RT : Un nouveau Quick 100% halal vient d’ouvrir à Lunel, en quoi le label halal est-il un problème pour vous ?
Christophe Marie (C.M.) : Le problème ne vient pas tant des restaurants mais de la méthode d’abattage. Depuis toujours, nous luttons contre l’égorgement des bêtes à vif, nous voulons que les animaux soient étourdis avant leur mise à mort. Nous avons d’ailleurs été reçus à la mosquée de Paris, il y a plus de dix ans. Nous avons eu un engagement du recteur de la mosquée pour dire qu’il n’y avait pas d’opposition à ce que la bête soit étourdie dans la production de viande halal. On ne doit pas tolérer qu’un animal souffre inutilement au moment de sa mise à mort.
Cela n’est pas la volonté des musulmans mais du secteur économique des abattoirs qui veut simplifier la tâche, et généralise l’abattage rituel pour couvrir tous les marchés
En ce qui concerne la généralisation de cet abattage, il faut savoir que pour tuer un animal sans étourdissement préalable une dérogation est nécessaire. La règle générale qui s’applique normalement à tous, veut que l’animal soit étourdi avant d'être saigné. Il existe une dérogation dans le règlement européen qui précise qu’il est possible, dans le cadre d’une demande cultuelle de pratiquants, de déroger à cette obligation. Mais depuis une quinzaine d’années, cette dérogation devient la règle générale. Cela n’est pas la volonté des musulmans mais du secteur économique des abattoirs qui veut simplifier la tâche, et généralise l’abattage rituel pour couvrir tous les marchés.

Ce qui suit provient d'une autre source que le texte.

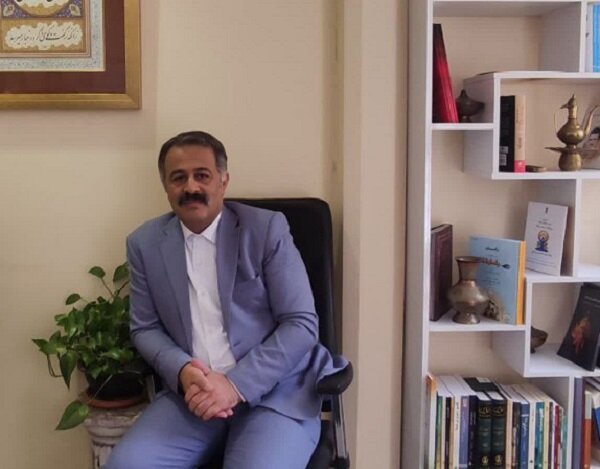پژوهشگر گیلانی جایزه بینالمللی «سقراط» را دریافت کرد پژوهشگر گیلانی جایزه بینالمللی «سقراط» را دریافت کرد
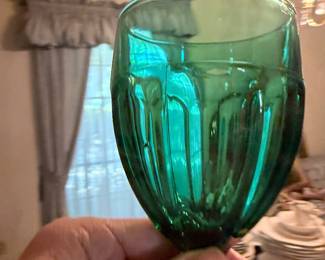 Green goblet set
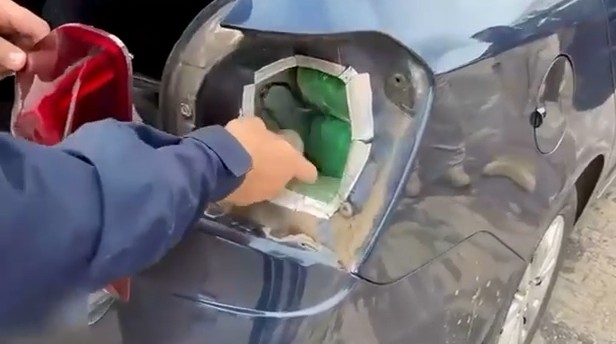 Mais de 70 kg de haxixe são apreendidos em rodovia na PB; Vídeo mostra droga escondida em farol de carro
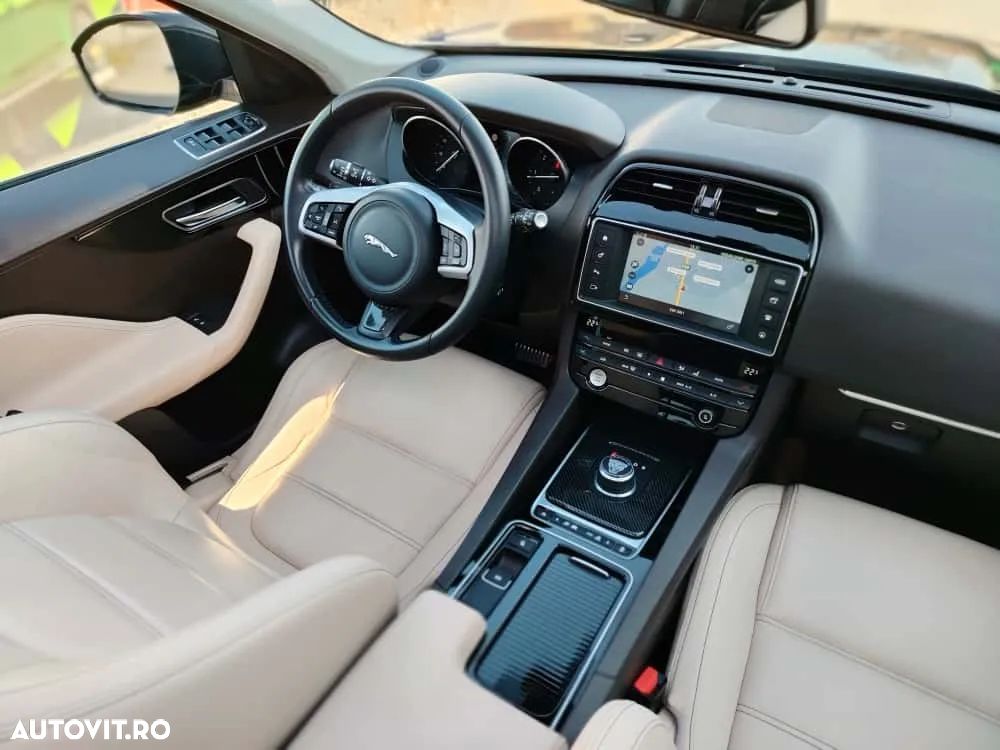 Jaguar F-Pace 20d AWD Prestige - 14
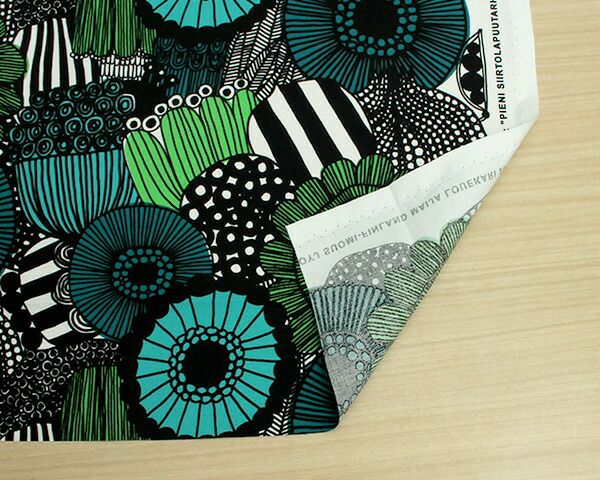 マリメッコ（marimekko） ピエニ シイルトラプータルハ/PIENI SIIRTOLAPUUTARHA コットンファブリック(生地) (30cm以上から10cm単位で切り売り)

Cela est très préoccupant car il n’y a aucun étiquetage, aucune information pour le consommateur des viandes issues de ce type d’abattage. Il y a toujours eu une volonté de l’Europe, et notamment de la France, d'empêcher cette traçabilité et cette information du consommateur.
Une très grande partie des viandes vendues dans le commerce général sont issues de ce type d’abattage et on ne peut le savoir.

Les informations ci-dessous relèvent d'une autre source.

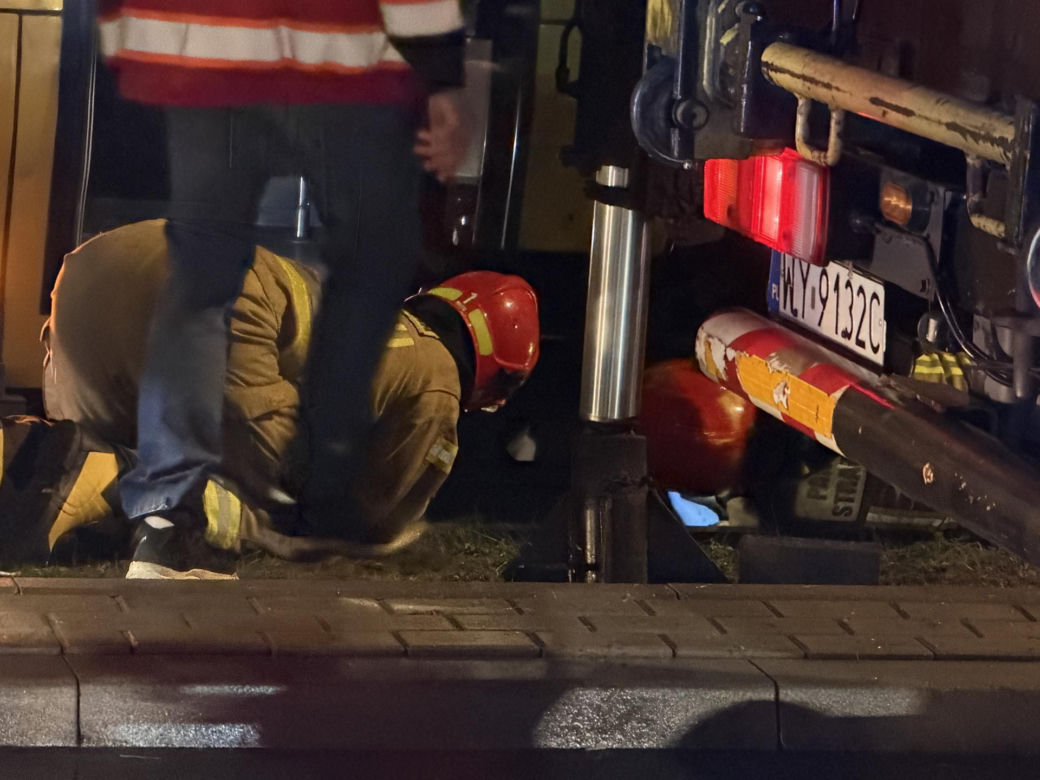 40-letnia rowerzystka wciągnięta pod pędzący tramwaj. „Liczne obrażenia ciała”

Dès lors qu’on développe ce genre de restaurants rapides qui ne s’adressent pas uniquement à des [croyants], on multiple d’autant ce type d’abattage et la généralisation de ce système d’abattage. On est en train de contourner la réglementation en usant et en abusant d’une dérogation.
RT : Il y a quelques jours alors qu’on apprenait l’ambition du groupe Bertrand de faire de l’enseigne Quick la première chaîne de restauration rapide 100% halal en France, vous aviez adressé une lettre au président, y a –t-il eu des répercussions depuis ?

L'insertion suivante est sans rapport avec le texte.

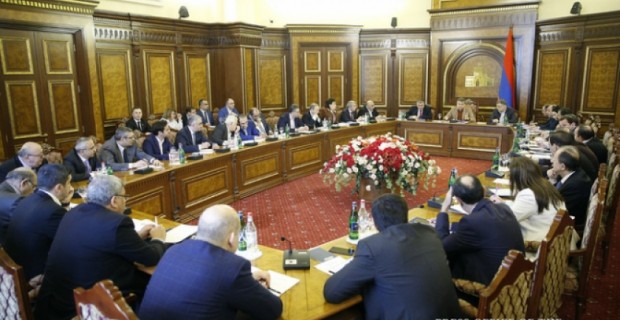 Վարչապետին է ներկայացվել Տտնտեսական զարգացման և ներդրումների ու Բնապահպանության նախարարությունների գերակա խնդիրների և միջոցառումների կատարման ընթացքը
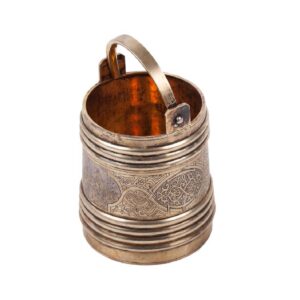 Russian silver-gilt and engraved decorative bucket — image 4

C.M. : Il n’y a pas eu d’évolution. Nous sommes intervenus pour la première fois en 2009, après un scandale qui concernait un abattoir, qui fournissait Quick d’ailleurs, où des faits de cruauté terrible avaient été révélés. En décembre 2015, nous nous sommes à nouveau exprimés après cette annonce du groupe. Nous ne sommes pas contre l’abattage rituel, ce n’est pas cela qui est visé, mais l’abattage sans étourdissement qui apporte une souffrance et une agonie supplémentaire aux bovins.
RT : Qu’attendez-vous concrètement des autorités publiques ? Faut-il interdire le halal complètement ?
C.M. : Concrètement on ne demande pas l’interdiction de l’abattage rituel mais l’obligation d’étourdissement des bêtes. Comme l'a expliqué le conseil du culte musulman, il est tout à fait possible d’imposer l’étourdissement des bêtes au moment de leur mise à mort et être conforme aux exigences des normes halal.
Les préceptes qui sont des obligations ne sont pas respectés alors que le fait d’égorger l’animal conscient n’est inscrit nulle part
Lorsqu’on étudie ce qui est halal et ce qui ne l’est pas, lors de sa mise à mort l’animal ne doit pas voir un autre animal se faire égorger, ne doit pas voir le couteau…Des choses qui ne sont pas mises en place dans les abattoirs. Les préceptes qui sont des obligations ne sont pas respectés alors que le fait d’égorger l’animal conscient n’est inscrit nulle part.
Les autorités françaises manquent de courage sur cette question-là, une dizaine de pays en Europe a déjà pris des mesures. En trois mois l'ancien ministre de l’agriculture danois a imposé que les animaux soient étourdis au moment de l’abattage.
RT : Avez-vous les mêmes positions concernant la viande casher ?
C.M. : Nous avons exactement la même position. Notre problème n’est pas de savoir si la viande est casher ou halal, mais de savoir si la bête a été étourdie ou pas. On se positionne par rapport à la souffrance animale, par rapport à des études scientifiques qui montrent que l’agonie est lente et douloureuse si on n’étourdit pas les bêtes.